Stoleru D, Peng Y, Agosta J, Rosbash M (2004) Coupled oscillators control morning and evening locomotor behaviour of Drosophila. Nature 431:862-868.

I’m just providing the link here to simplify finding the paper — if you aren’t in my neuro class, you can ignore this.

Comments

  1. says

    I can? Apparently with the repeated twice daily checks of your site, and RSS feed to my Google Page… I don’t think I can. Adding the fact that I’ve now commented it seem remarkably impossible to ignore.

    You may? Eh, sounds a bit like giving people permission.
    *shrug*

    Good luck on the test students.

  2. Bride of Shrek says

    You’re telling us to ignore this? I never did take well to being told not to do something. Yes, I’m the person who touches the “Don’t Touch, Wet Paint” sign to check. There’s always one in a crowd.

  3. says

    I study coupled oscillators. Maybe there’d be something interesting in there. Since you haven’t given the exam yet, you can’t really answer this question, but when you can answer: what’s the exam question about?

  4. says

    The link goes through a UMM proxy server, I’m sorry to say, so unless you’ve got a university password or are accessing it directly from a campus IP address, you aren’t going to get through.
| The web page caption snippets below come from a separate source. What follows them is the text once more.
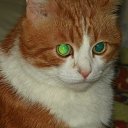 ���� Sergey, ����������, 50 ��� - ��������� 20 ���� 2012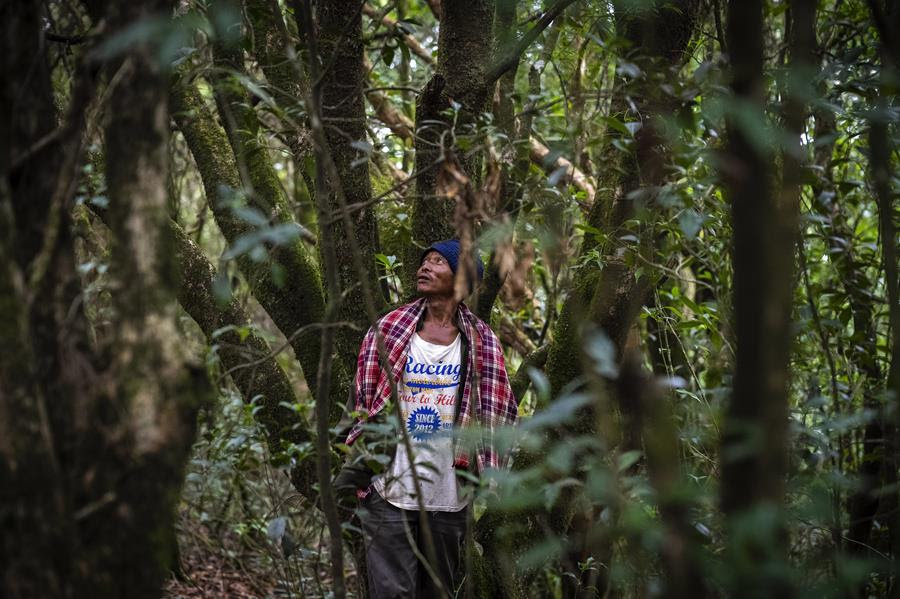A Jaintia tribal man stands in the forest. He is looking upward.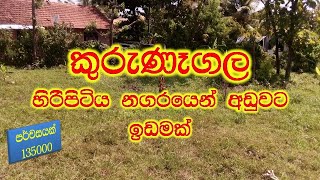 and sale in kurunegala | land sale in sri lanka | house for sale in sri lanka | maddumaya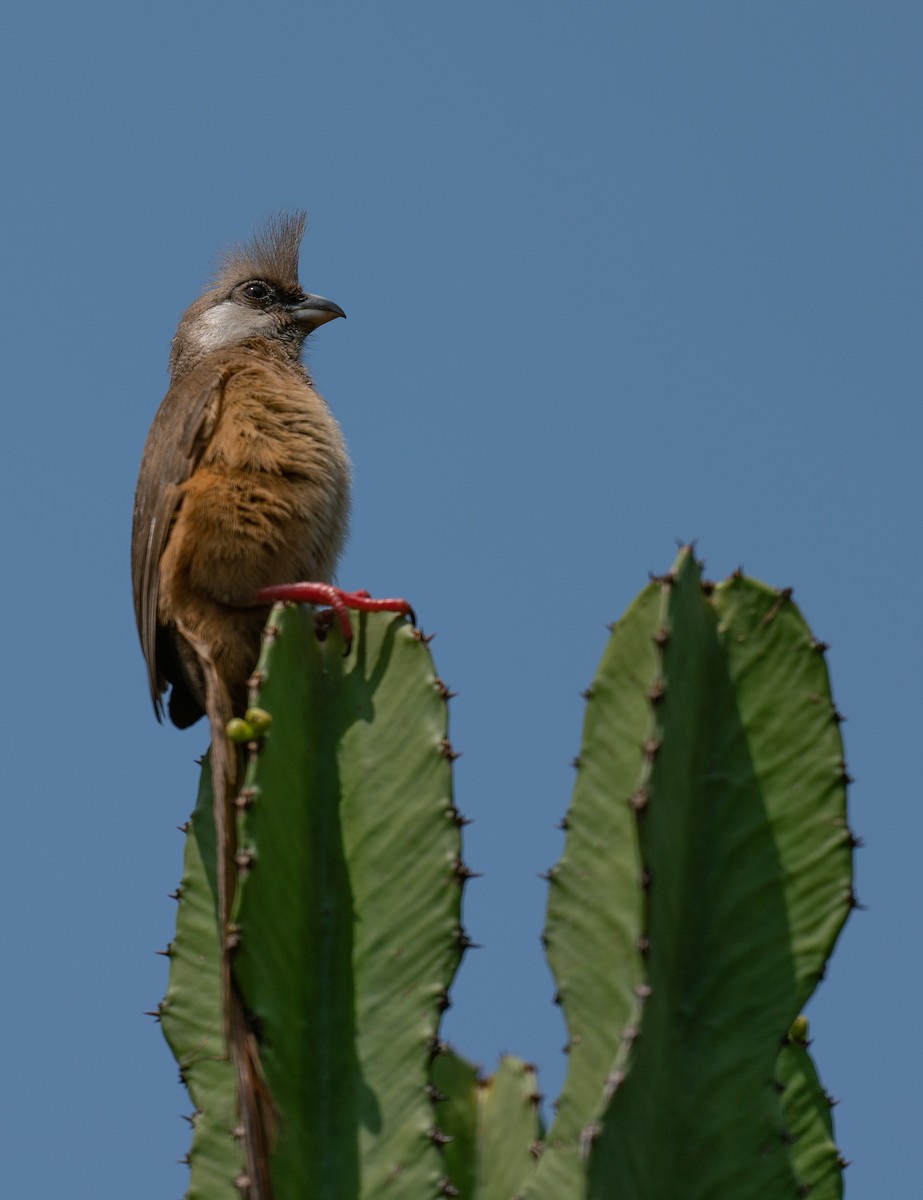 Speckled Mousebird - ML259660471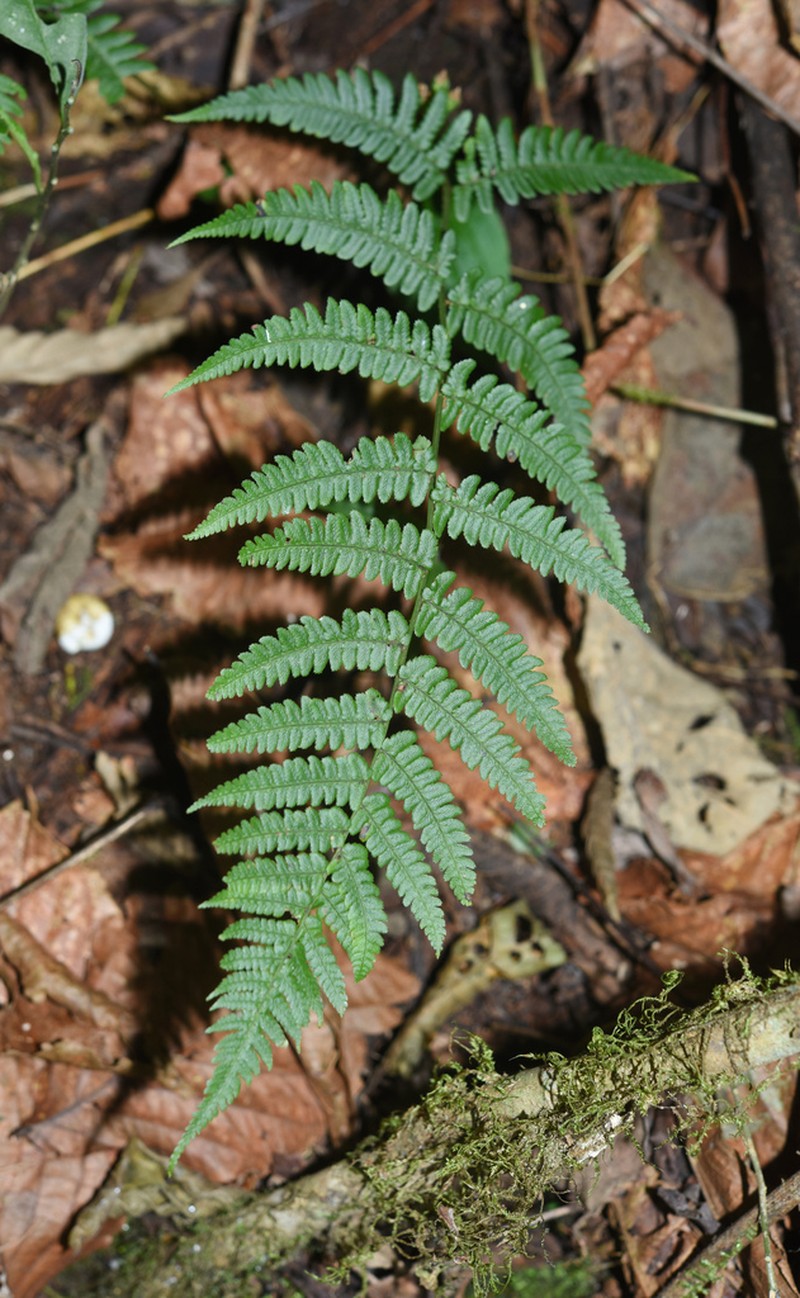 Dryopteris juxtaposita photo 4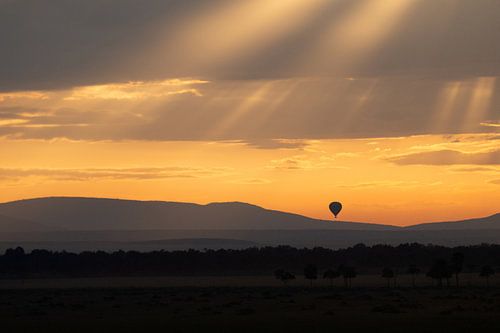 Der Morgen ist in der Masai Mara ausgebrochen.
    If you’ve got Nature access, though, this one will work.

  5. katie says

    Can you post the exam question by any chance? I need something other than multivariate stats to think about…

  6. Bride of Shrek says

    Well just give us your password then PZ. I promise we’ll all keep it confidential ;-)

  7. says

    Did I just read that right? The same professor that was such a hard-ass about extra-credit just gave a take home exam?

    :-)

    Man, I loved take home exams!

  8. Falyne says

    Cfeagans,

    Mayyyyyyyybe. In-class exams are pains due to how you have to remember everything and write within the time alotted. Take-homes are nicer on the can-look-things-up and lack-of-hand-cramp fronts, buuuuut… Profs can expect that you do more, and better. Evil profs expect a LOT more and a LOT better. :-(

  9. says

    Kids, don’t listen to this guy, it’s a trick question. Everybody in the field knows that the circadian rhythm of drosophila is controlled by the resonance of light with the outer wing tip. There’s even evidence for this in the paper that the authors conveniently ignore.

    Or maybe I just gave away the answer…oops.

  10. Stephen Wells says

    “Resonance of light with the outer wing tip?” I think you’re bluffing the poor impressionable students :) as I checked your blog and you seem otherwise mostly sane.

    Or feel free to explain otherwise?